同月五日午後三時三分、麻布税務署総務課長上原龍男、被告西田が原告宅を訪ね、再三にわたり呼びかけたが応答がなく、出勤命令書を郵便受けに投函した。
同月六日午後七時五分、上原課長及び被告西田が原告宅を訪ね、呼びかけたところ、七時三〇分原告が出てきたので、上原課長が、出勤するよう、休むときには連絡するようにとの麻布税務署長の命令を口頭で伝達した。
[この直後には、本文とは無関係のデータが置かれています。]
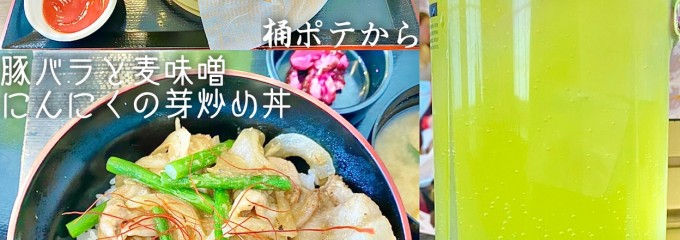 極楽湯 横浜芹が谷店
その際、上原課長の欠勤理由についての質問に、原告は、話しても無駄だ、話すことはない、と繰り返し、翌日は出勤するかとの質問に、考慮中だというのみであった。
同月八日午前九時一〇分、麻布税務署総務課会計係長浅川賢治が原告宅を訪ね、原告に呼びかけたところ、原告の妻が出てきて原告は会いたくないといっているというのみであったので、出勤命令書を妻に手渡し、原告へ渡すことを依頼した。
同月一〇日午後七時、上原課長及び浅川係長が原告宅を訪ね、再三にわたり呼びかけたが応答がなかったため、出勤命令書を郵便受けに投函した。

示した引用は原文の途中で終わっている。